* _Try it_: Reproduce exactly, and only, the lines below from the one containing "Teen playing Xbox" through the one containing "Vista aérea de".

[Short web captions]
--- START ---
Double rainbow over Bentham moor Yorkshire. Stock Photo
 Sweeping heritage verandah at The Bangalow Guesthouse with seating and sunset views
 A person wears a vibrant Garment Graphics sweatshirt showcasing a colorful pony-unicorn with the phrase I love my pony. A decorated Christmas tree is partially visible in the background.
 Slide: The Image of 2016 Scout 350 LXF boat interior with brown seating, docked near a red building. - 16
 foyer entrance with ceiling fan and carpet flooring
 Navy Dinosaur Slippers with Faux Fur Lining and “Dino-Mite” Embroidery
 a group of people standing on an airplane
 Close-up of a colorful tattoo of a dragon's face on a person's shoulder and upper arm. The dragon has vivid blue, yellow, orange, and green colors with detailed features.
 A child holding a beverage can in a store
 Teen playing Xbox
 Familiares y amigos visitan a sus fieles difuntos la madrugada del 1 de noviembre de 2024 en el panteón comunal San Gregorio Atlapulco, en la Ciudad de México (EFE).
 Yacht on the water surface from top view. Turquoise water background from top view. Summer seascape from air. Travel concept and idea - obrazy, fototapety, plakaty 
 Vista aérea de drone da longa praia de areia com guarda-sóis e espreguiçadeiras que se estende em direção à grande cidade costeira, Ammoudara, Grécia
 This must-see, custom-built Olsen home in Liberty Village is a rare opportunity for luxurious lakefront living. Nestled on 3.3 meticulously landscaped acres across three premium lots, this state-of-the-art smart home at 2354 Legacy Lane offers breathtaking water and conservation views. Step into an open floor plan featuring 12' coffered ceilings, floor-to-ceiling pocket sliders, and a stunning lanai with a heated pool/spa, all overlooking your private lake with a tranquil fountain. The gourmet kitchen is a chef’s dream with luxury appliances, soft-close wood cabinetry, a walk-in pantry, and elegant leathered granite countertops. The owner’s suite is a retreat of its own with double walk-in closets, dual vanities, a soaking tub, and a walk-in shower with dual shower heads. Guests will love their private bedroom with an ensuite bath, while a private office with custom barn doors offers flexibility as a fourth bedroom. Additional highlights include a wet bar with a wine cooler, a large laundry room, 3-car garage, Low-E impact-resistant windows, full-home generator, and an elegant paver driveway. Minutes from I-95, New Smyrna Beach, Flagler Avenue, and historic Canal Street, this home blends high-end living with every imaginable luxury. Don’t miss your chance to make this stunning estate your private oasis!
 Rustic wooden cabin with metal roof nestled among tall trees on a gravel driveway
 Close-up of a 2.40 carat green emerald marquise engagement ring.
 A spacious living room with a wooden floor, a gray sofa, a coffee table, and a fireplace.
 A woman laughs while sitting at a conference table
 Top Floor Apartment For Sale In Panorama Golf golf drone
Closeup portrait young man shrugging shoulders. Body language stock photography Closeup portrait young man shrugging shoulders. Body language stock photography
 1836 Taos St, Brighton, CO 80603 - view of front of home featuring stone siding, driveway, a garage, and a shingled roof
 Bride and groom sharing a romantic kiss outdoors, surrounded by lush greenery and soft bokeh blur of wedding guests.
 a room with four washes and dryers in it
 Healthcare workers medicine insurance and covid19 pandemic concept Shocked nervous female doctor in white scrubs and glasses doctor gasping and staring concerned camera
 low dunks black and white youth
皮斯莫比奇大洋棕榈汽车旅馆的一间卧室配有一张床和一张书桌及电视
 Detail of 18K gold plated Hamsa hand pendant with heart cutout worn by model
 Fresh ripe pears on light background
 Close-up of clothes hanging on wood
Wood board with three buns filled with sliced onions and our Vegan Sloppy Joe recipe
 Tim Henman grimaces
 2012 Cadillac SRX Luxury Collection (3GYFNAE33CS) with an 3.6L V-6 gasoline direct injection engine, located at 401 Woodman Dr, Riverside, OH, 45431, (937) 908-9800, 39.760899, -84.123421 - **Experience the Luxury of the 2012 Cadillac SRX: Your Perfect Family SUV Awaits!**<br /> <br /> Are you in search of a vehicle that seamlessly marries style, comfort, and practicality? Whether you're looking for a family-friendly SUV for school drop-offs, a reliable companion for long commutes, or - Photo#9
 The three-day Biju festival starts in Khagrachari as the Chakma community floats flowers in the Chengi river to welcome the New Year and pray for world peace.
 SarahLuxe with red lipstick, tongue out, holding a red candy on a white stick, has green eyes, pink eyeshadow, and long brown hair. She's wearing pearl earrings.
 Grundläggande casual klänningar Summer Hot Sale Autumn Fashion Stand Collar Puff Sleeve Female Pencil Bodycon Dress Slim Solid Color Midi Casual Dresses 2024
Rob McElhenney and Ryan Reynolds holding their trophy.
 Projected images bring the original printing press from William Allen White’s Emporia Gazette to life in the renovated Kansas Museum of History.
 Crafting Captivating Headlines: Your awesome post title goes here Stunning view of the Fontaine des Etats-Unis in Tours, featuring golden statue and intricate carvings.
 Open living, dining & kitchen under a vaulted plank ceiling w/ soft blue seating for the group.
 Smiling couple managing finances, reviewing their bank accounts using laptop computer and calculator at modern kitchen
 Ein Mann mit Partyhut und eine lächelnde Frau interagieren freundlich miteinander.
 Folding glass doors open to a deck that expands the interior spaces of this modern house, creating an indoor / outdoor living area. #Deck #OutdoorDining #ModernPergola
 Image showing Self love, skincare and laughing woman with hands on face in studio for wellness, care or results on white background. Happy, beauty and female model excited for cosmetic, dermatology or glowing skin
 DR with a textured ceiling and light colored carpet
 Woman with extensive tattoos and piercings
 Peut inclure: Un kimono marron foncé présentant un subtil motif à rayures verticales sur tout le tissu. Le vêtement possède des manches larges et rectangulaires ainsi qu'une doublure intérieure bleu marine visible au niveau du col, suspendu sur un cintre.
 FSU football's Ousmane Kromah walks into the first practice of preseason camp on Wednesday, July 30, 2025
--- END ---
* _Exercise result_:
 Teen playing Xbox
 Familiares y amigos visitan a sus fieles difuntos la madrugada del 1 de noviembre de 2024 en el panteón comunal San Gregorio Atlapulco, en la Ciudad de México (EFE).
 Yacht on the water surface from top view. Turquoise water background from top view. Summer seascape from air. Travel concept and idea - obrazy, fototapety, plakaty 
 Vista aérea de drone da longa praia de areia com guarda-sóis e espreguiçadeiras que se estende em direção à grande cidade costeira, Ammoudara, Grécia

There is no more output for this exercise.